Michele Santoro, il suo primo incontro con Maurizio Avola come è avvenuto? In che modo si è poi concretizzata la possibilità di un dialogo tra voi?
Ho incontrato Avola un po’ per caso. Stavo facendo un lavoro su Matteo Messina Denaro, ultimo padrino conosciuto della mafia. Sappiamo pochissimo, l’ultima notizia che ci dà un riscontro certo della sua esistenza in vita risale a quindici anni fa. Fare un’inchiesta su Messina Denaro significa per forza fare un’inchiesta su come è cambiata Cosa Nostra oggi e su cosa è diventata quell’organizzazione capace di attaccare gli equilibri dello Stato democratico. Avola, in un processo, testimoniava di aver compiuto un delitto molto importante, quello del magistrato Scopelliti, proprio insieme a Matteo Messina Denaro. Seguendo questo processo, è avvenuto l’incontro.
Avola è un sottovalutato? Quali sono le sue caratteristiche all’interno dell’organizzazione criminale?
Inizialmente ero scettico su Avola. Ha confessato ottanta delitti, pensavo fosse importante sul piano militare ma meno su quello della pianificazione. In realtà si è rivelato un personaggio sorprendente che mi ha costretto a guardare le cose dal suo punto di vista.
È stato complesso interfacciarsi con lui?
Sì. Dopo aver vinto la sensazione di ripugnanza, perché lui poteva essere persino il mio killer e proprio negli anni di cui mi stavo occupando nell’inchiesta, mi sono trovato di fronte una lettura molto originale del fenomeno mafioso.
In che senso “originale”?
Non era soltanto un killer ma una persona che ha come accumulato nel corso degli anni una serie di notizie con una cura quasi maniacale. Lo sguardo che ne ho ricavato su Cosa Nostra mi ha fatto entrare in conflitto con me stesso, anche per la ripugnanza di cui dicevo, e ho dovuto pormi delle domande che non prevedevo di pormi all’inizio degli incontri.

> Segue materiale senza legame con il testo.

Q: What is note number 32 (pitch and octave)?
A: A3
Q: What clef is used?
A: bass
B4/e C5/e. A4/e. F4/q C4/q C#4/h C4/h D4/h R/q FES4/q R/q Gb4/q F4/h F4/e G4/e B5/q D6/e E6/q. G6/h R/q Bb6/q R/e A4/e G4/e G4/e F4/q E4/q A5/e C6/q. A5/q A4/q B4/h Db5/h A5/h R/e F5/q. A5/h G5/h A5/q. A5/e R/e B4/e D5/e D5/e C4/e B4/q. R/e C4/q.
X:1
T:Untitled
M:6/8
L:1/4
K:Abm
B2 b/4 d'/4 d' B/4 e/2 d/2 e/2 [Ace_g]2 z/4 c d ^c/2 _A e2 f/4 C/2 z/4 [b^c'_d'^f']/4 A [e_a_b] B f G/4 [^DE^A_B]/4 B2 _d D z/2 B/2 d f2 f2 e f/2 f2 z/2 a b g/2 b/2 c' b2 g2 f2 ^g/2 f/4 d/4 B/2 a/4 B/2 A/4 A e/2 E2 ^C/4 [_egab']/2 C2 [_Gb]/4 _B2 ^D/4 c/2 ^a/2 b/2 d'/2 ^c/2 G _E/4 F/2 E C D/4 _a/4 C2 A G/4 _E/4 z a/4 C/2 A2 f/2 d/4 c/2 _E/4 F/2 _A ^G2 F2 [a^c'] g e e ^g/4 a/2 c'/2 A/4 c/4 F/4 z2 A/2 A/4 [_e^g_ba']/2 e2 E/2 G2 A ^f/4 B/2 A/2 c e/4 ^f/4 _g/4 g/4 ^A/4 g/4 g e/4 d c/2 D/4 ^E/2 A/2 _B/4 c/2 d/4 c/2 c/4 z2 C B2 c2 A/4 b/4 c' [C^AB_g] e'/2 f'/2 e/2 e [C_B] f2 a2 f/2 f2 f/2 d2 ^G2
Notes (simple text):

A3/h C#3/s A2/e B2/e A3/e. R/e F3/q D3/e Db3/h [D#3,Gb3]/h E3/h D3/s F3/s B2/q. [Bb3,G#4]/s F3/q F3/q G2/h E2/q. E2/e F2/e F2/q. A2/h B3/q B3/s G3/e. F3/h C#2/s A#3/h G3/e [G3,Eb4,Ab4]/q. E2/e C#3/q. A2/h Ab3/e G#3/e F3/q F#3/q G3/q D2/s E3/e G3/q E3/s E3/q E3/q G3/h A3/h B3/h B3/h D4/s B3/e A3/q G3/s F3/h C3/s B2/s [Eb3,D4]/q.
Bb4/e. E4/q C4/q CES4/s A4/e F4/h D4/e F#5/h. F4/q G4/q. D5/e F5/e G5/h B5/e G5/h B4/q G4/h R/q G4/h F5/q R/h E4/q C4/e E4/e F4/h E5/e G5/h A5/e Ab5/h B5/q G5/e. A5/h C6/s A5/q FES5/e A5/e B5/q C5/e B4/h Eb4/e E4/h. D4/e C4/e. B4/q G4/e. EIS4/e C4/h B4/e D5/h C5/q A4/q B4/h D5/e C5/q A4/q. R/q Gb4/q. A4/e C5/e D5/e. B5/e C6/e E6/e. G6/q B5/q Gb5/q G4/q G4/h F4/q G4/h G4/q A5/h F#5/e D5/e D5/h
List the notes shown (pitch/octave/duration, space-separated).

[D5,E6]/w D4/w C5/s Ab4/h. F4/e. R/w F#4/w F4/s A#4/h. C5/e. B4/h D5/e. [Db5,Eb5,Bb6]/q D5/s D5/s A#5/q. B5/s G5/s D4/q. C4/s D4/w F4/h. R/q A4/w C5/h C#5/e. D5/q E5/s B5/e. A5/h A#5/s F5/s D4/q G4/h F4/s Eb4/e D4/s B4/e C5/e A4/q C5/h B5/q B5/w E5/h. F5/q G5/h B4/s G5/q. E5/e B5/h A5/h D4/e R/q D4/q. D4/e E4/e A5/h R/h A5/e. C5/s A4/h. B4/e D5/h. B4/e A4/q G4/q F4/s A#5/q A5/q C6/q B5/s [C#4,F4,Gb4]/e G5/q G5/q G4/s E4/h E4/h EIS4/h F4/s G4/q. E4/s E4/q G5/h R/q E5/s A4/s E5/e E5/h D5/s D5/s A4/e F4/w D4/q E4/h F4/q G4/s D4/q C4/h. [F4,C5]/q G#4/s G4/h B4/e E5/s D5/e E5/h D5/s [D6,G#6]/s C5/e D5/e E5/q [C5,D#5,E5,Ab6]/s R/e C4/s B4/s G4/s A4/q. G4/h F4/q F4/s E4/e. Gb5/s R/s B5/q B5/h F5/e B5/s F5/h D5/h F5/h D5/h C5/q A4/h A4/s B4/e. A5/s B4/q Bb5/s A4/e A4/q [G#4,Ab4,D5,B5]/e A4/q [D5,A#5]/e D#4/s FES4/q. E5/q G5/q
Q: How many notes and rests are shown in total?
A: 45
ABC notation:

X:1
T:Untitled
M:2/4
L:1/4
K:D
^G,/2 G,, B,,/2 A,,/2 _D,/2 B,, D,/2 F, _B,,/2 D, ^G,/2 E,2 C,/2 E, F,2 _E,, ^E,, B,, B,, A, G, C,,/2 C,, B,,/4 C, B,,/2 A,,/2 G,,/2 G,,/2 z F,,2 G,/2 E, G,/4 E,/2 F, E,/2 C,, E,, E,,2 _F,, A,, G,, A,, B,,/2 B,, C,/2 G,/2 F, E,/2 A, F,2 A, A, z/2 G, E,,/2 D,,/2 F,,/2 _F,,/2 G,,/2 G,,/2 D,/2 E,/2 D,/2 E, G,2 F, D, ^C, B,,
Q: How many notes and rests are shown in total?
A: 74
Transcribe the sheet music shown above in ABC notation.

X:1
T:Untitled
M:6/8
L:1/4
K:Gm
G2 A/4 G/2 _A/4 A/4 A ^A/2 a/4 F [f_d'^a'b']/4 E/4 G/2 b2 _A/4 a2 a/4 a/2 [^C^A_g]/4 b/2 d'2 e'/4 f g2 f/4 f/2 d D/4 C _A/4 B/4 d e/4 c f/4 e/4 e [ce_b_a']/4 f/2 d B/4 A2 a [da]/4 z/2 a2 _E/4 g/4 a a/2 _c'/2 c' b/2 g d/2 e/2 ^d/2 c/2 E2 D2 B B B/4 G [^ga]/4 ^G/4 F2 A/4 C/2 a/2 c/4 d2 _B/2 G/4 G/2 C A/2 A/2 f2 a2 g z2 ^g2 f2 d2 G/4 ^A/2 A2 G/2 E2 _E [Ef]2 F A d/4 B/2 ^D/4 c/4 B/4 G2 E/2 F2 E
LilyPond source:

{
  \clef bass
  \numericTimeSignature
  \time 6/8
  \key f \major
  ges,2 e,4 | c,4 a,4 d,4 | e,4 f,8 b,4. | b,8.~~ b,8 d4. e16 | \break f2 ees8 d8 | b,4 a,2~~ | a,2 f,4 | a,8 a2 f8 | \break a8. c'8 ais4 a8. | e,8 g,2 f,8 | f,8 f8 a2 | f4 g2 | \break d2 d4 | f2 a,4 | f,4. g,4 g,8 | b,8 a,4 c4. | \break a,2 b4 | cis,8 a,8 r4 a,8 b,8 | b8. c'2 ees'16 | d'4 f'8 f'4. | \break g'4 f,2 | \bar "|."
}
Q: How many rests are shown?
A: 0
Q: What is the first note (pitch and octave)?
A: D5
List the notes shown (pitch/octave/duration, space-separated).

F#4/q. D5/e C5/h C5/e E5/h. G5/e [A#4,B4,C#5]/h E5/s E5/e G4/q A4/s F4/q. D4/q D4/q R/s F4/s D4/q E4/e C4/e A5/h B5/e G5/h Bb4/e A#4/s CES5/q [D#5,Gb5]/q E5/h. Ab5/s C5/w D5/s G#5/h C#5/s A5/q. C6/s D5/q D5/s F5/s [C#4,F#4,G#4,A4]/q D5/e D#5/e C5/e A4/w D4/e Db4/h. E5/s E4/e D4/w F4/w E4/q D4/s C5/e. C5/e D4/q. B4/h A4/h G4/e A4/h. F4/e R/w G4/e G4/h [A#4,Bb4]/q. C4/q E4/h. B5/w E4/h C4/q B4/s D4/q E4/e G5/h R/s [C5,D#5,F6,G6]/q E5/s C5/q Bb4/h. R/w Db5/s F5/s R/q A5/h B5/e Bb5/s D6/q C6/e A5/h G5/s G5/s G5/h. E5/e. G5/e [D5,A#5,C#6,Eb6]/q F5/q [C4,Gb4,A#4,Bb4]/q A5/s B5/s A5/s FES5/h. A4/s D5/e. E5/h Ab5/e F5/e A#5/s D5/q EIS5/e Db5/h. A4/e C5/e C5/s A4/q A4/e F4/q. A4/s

Si dice che a livello psicologico Avola fosse freddo, certosino e quasi glaciale nell’esecuzione degli ordini…
In realtà non so quanto sia vero, però lui si è costruito questa corazza come se avesse tra virgolette un orgoglio di questo suo mestiere sanguinario. Un mestiere svolto con un orgoglio, sempre tra virgolette, professionale. Non si considera un uomo che uccide per il piacere di uccidere, più un soldato terrorista in azione che ha fatto ciò che serviva alla famiglia per ribadire il suo potere.
L’aspetto più sorprendente della mentalità malavitosa che ha potuto conoscere sotto un’altra prospettiva riguarda proprio questo orgoglio oppure c’è altro?
Questo orgoglio sicuramente, così come la maniacalità che in parte mostro anch’io nel mio lavoro. Sia io che Avola condividiamo l’esser nati in una lava d’ingiustizia che è il Sud di questo paese, ma abbiamo reagito in maniera opposta, io lottando per la legalità e lui lottando per la famiglia, suo principale punto di riferimento
Quali sono i suoi rapporti personali con i “compagni di viaggio”?
Sostanzialmente lui è legatissimo ai suoi “commilitoni”, sempre tra virgolette. Talmente legato che poi nel momento in cui fa un salto di qualità, quando è costretto ad uccidere il suo braccio destro e il suo amico più fraterno, ha una sorta di nostalgia di quei rapporti. Si scoprono comunque tante altre cose interessanti proprio riguardo i rapporti tra le persone.